I was walking around some fields the other day hunting woodchuck/groundhogs when I stumbled into into a scrape line. I'm from North Eastern, PA and I don't remember ever seeing scrapes before the middle of Oct.. I got one of my trail cams and set up on the most active looking scrape. 2 nights after setting the cam I couldn't help myself to see what was working it. I got 3 different buck come in to that scrape, 2 buck that I got photos of earlier in velvet. Time to start setting up on scrapes, might be my best chance of getting a photo of the 2 bruisers I've seen, but didn't get on cam at my feeding areas.

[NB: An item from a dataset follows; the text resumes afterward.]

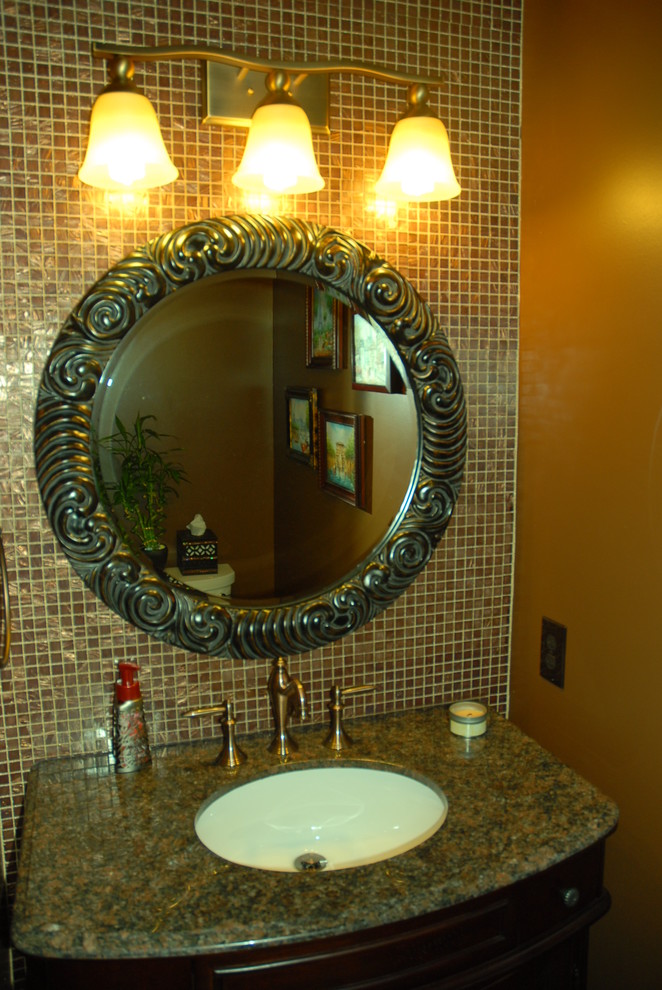 Mittelgroße Mediterrane Gästetoilette mit Mosaikfliesen, oranger Wandfarbe, Unterbauwaschbecken, Granit-Waschbecken/Waschtisch und bunter Waschtischplatte in Sonstige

Believe it or not, I've seen them year-round and I've read where that it isn't all that uncommon. Apparently some bucks do it as a territorial marker of sorts outside of the pre-rut timeframe.

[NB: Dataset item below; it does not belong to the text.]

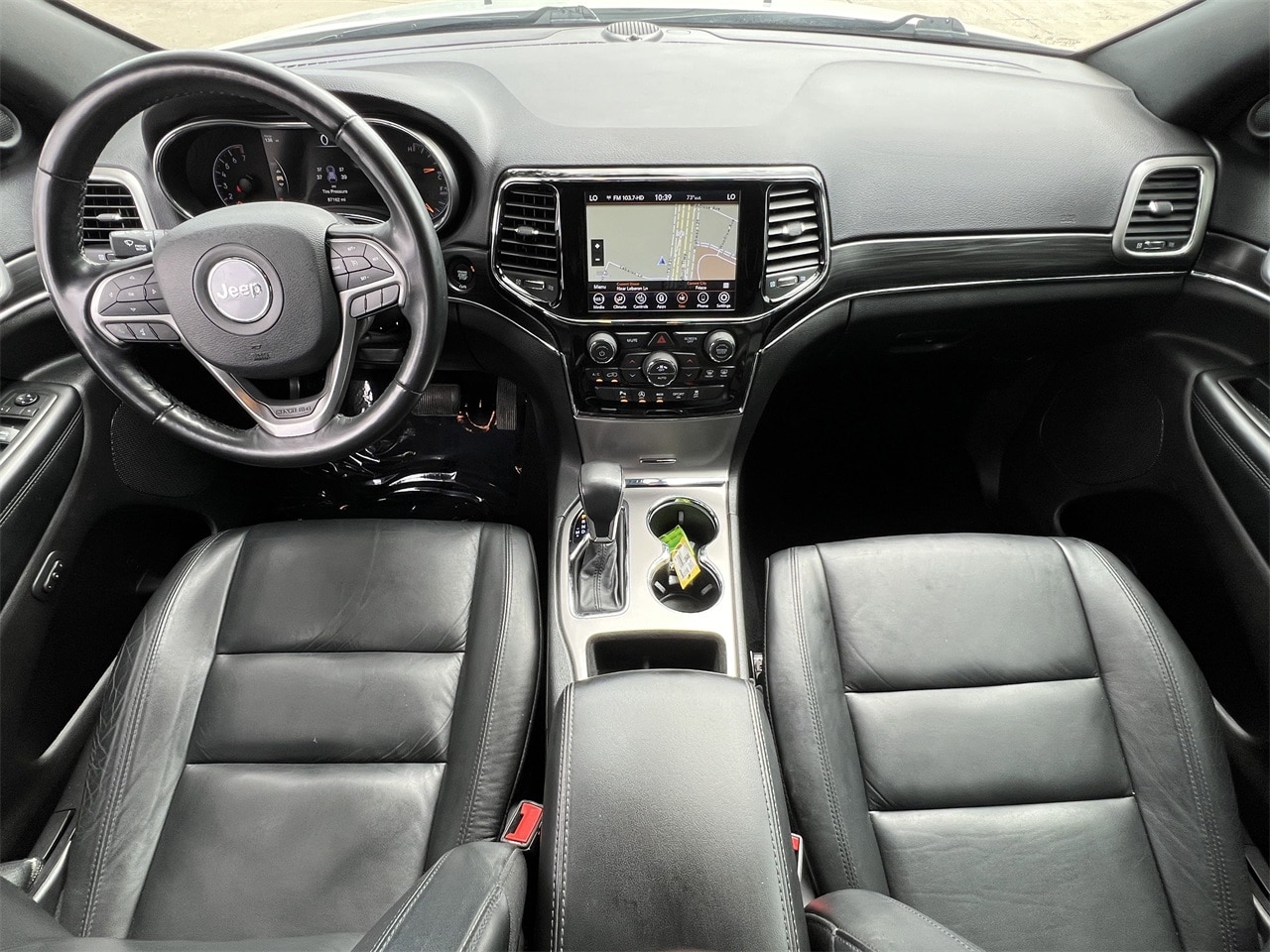 Vehicle image 8 of 26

I've seen what I'm going to call community scrapes year round. The other ones that pop up here and there as early as late august.

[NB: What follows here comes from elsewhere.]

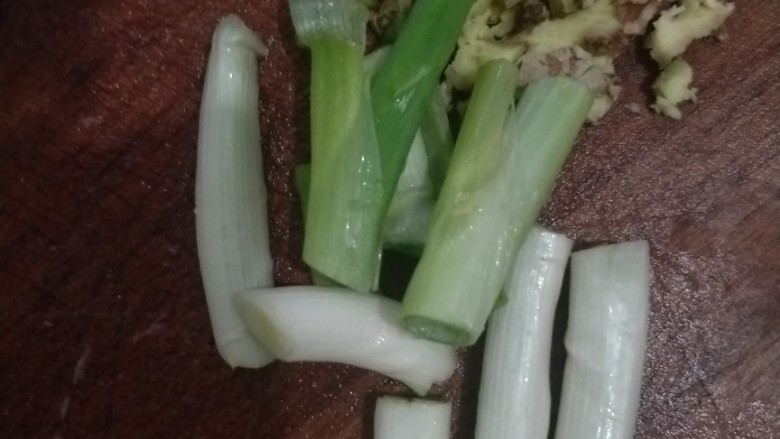 麻辣水煮黄辣丁,放入<a style='color:red;display:inline-block;' href='/shicai/ 37'>姜</a>,蒜,和大葱段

Well to be fair I've never been one to heavily scout, especially any earlier than mid. to late August. It just always seemed around the middle of Oct. is when I've always started to see scrapes popping up all over the place and start to see a lot of rubs. When I was out the other day, it seemed like there were a lot more scrapes than I'm used to seeing this early, but again I'm hunting in a new area so not sure if that has anything to do with it. I'm still pretty new to archery, so I'm still pretty naive about certain things, especially when it comes to scouting. I always seem to find good places to sit that have great deer movement, but that's just using the lay out of the land more so than deer sign. I guess what I was seeing was more common than I thought and it isn't happening at a unusual time like I thought. Just the amount I seen this early seemed odd for this area, but that could just be my lack of experience.